------ Task input

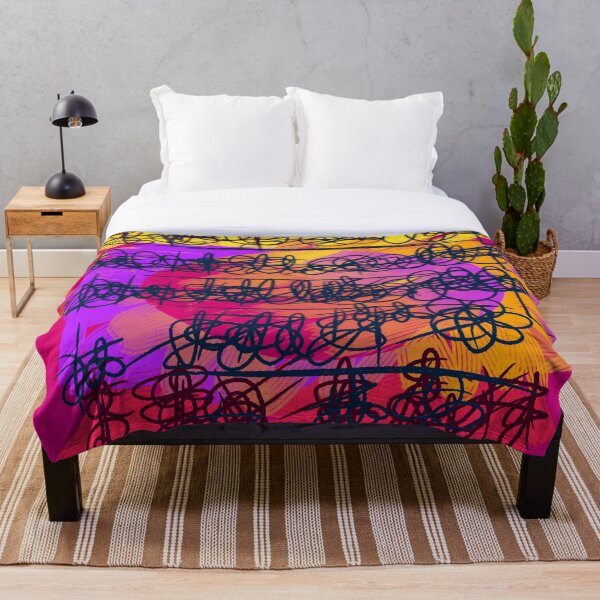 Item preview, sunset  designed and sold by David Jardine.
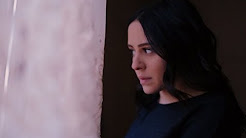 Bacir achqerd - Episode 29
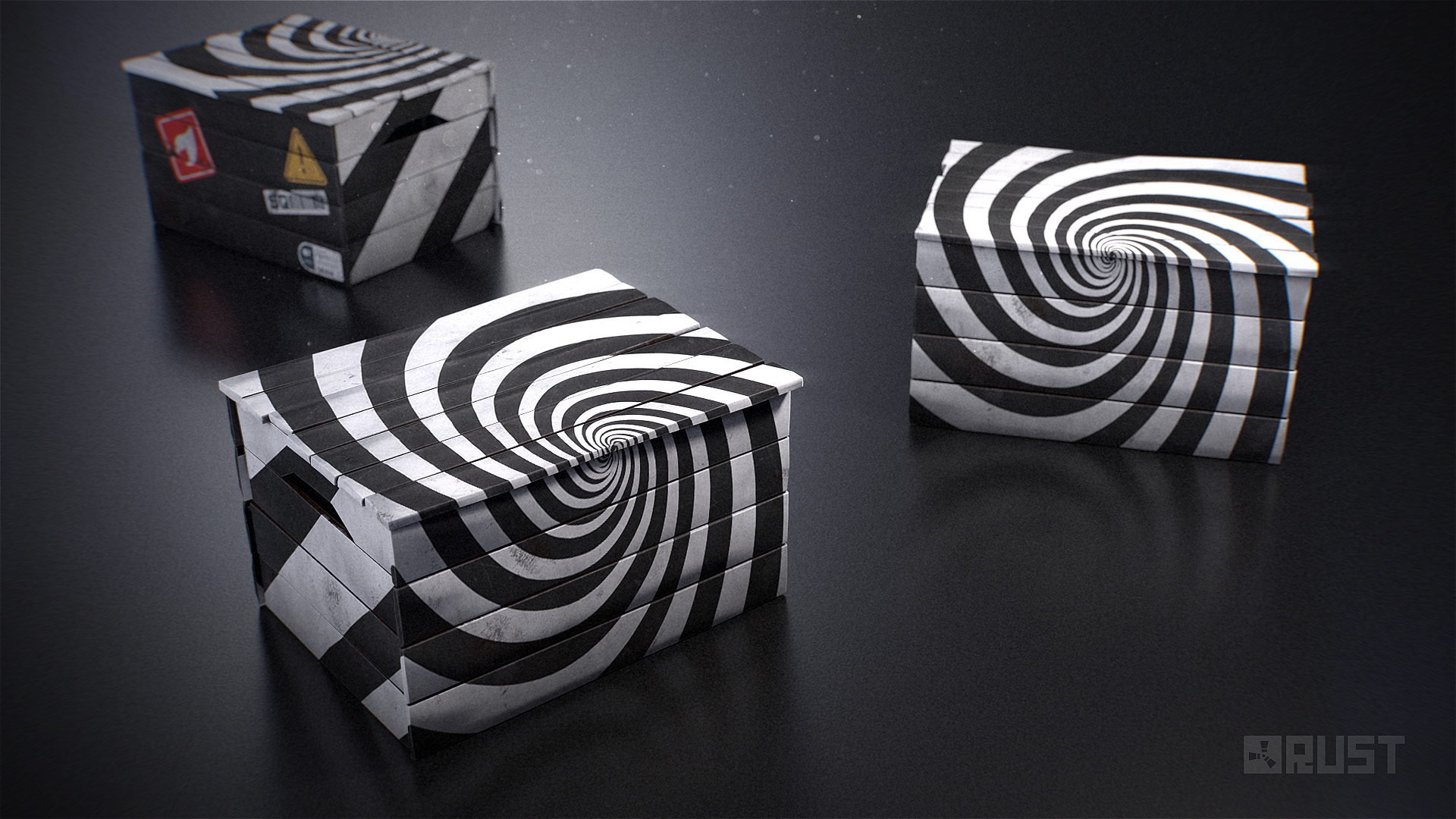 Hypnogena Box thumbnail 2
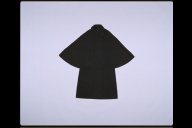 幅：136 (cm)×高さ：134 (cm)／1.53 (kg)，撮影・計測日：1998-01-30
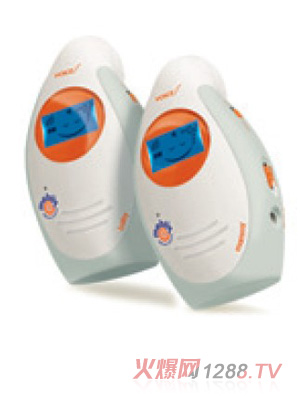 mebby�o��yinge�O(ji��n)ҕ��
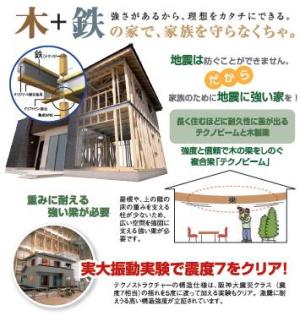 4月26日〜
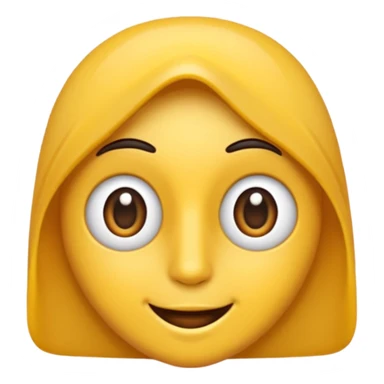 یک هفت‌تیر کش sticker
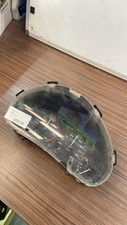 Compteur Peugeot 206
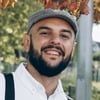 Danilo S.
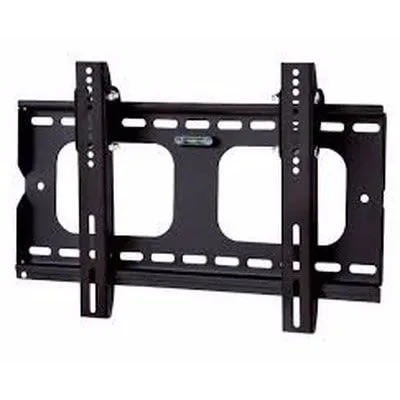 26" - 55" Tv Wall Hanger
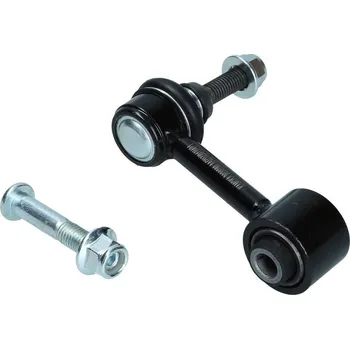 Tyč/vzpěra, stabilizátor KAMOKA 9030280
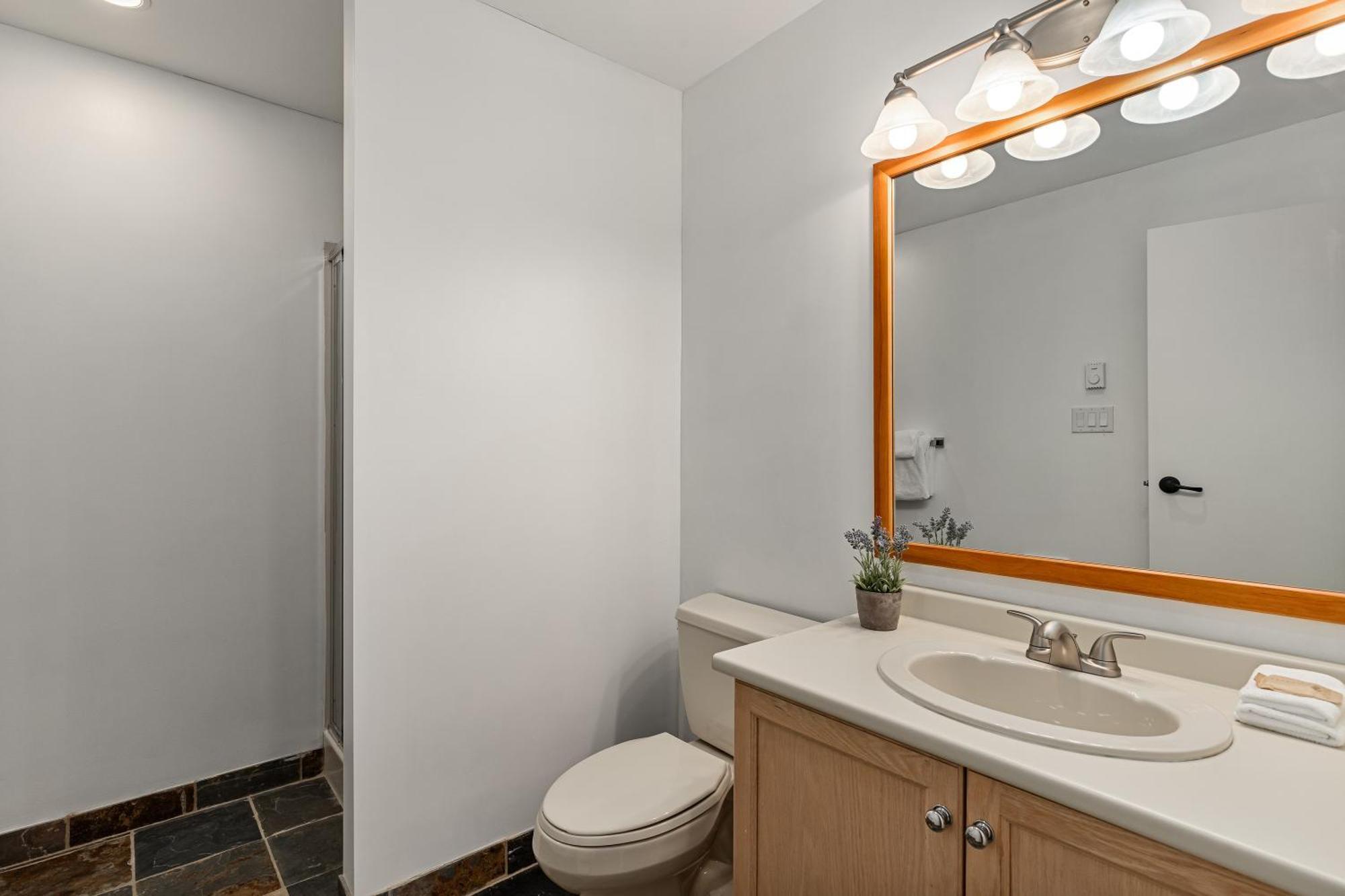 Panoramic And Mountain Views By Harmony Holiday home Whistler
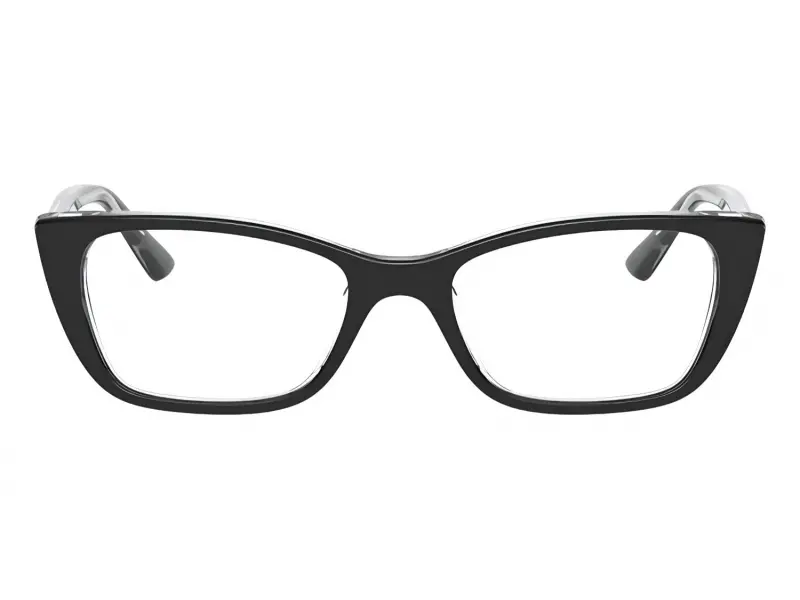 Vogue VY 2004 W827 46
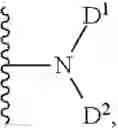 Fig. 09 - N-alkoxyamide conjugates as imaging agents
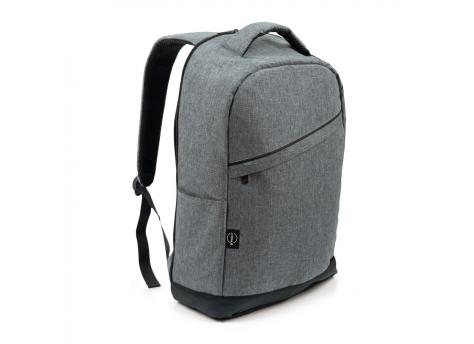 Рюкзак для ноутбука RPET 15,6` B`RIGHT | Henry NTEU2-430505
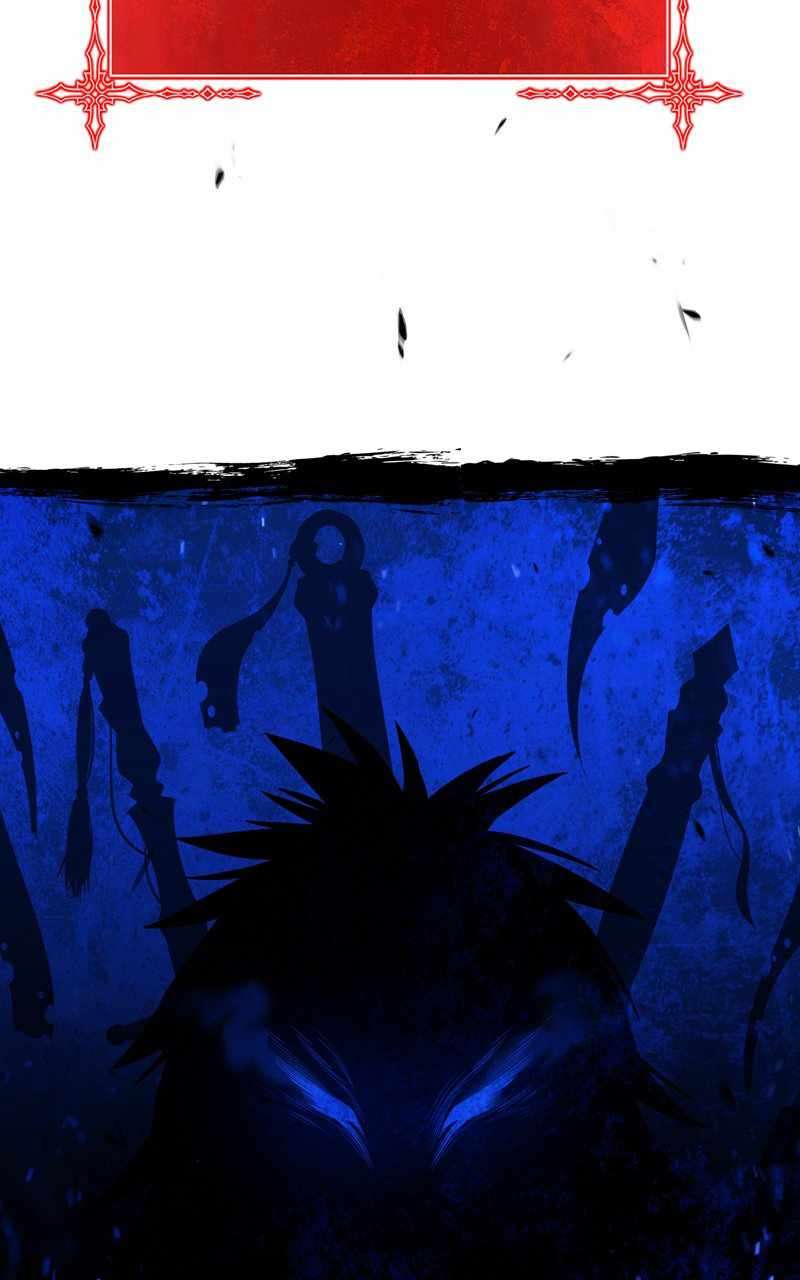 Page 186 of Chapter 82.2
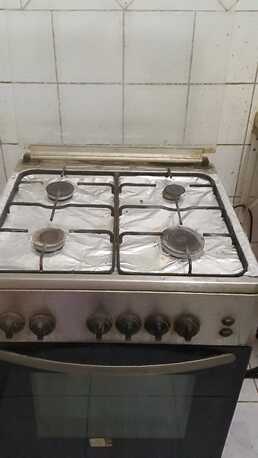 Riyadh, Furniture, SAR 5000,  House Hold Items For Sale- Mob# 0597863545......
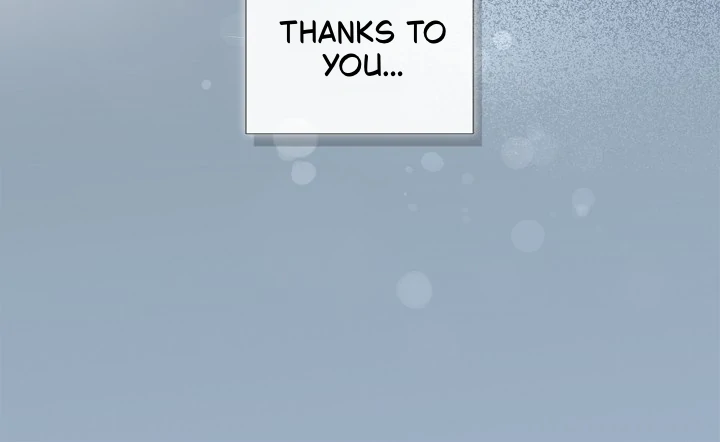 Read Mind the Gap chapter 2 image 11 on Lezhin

------------

Goal of the exercise:
An exact copy is required of the lines from the one holding "Tyč/vzpěra, stabilizátor KAMOKA 9030280" to the end of the entries above, both included; no pictures belong in it.

Exercise response:
 Tyč/vzpěra, stabilizátor KAMOKA 9030280
 Panoramic And Mountain Views By Harmony Holiday home Whistler
 Vogue VY 2004 W827 46
 Fig. 09 - N-alkoxyamide conjugates as imaging agents
 Рюкзак для ноутбука RPET 15,6` B`RIGHT | Henry NTEU2-430505
 Page 186 of Chapter 82.2
 Riyadh, Furniture, SAR 5000,  House Hold Items For Sale- Mob# 0597863545......
 Read Mind the Gap chapter 2 image 11 on Lezhin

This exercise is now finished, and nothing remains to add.